* Work required: Every record must be restated exactly as written.

* Exercise input:
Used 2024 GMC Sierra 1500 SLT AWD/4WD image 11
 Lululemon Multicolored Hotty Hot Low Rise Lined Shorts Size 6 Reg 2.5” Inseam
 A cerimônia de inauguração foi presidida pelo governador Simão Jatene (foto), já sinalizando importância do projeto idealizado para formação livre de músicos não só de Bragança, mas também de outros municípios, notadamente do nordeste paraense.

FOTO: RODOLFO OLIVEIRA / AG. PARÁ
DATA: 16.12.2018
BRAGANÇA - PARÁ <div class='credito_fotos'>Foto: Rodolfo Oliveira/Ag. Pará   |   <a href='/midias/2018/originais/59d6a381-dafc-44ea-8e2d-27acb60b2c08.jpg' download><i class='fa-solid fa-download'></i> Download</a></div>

* Result of this task:
Used 2024 GMC Sierra 1500 SLT AWD/4WD image 11
 Lululemon Multicolored Hotty Hot Low Rise Lined Shorts Size 6 Reg 2.5” Inseam
 A cerimônia de inauguração foi presidida pelo governador Simão Jatene (foto), já sinalizando importância do projeto idealizado para formação livre de músicos não só de Bragança, mas também de outros municípios, notadamente do nordeste paraense.

FOTO: RODOLFO OLIVEIRA / AG. PARÁ
DATA: 16.12.2018
BRAGANÇA - PARÁ <div class='credito_fotos'>Foto: Rodolfo Oliveira/Ag. Pará   |   <a href='/midias/2018/originais/59d6a381-dafc-44ea-8e2d-27acb60b2c08.jpg' download><i class='fa-solid fa-download'></i> Download</a></div>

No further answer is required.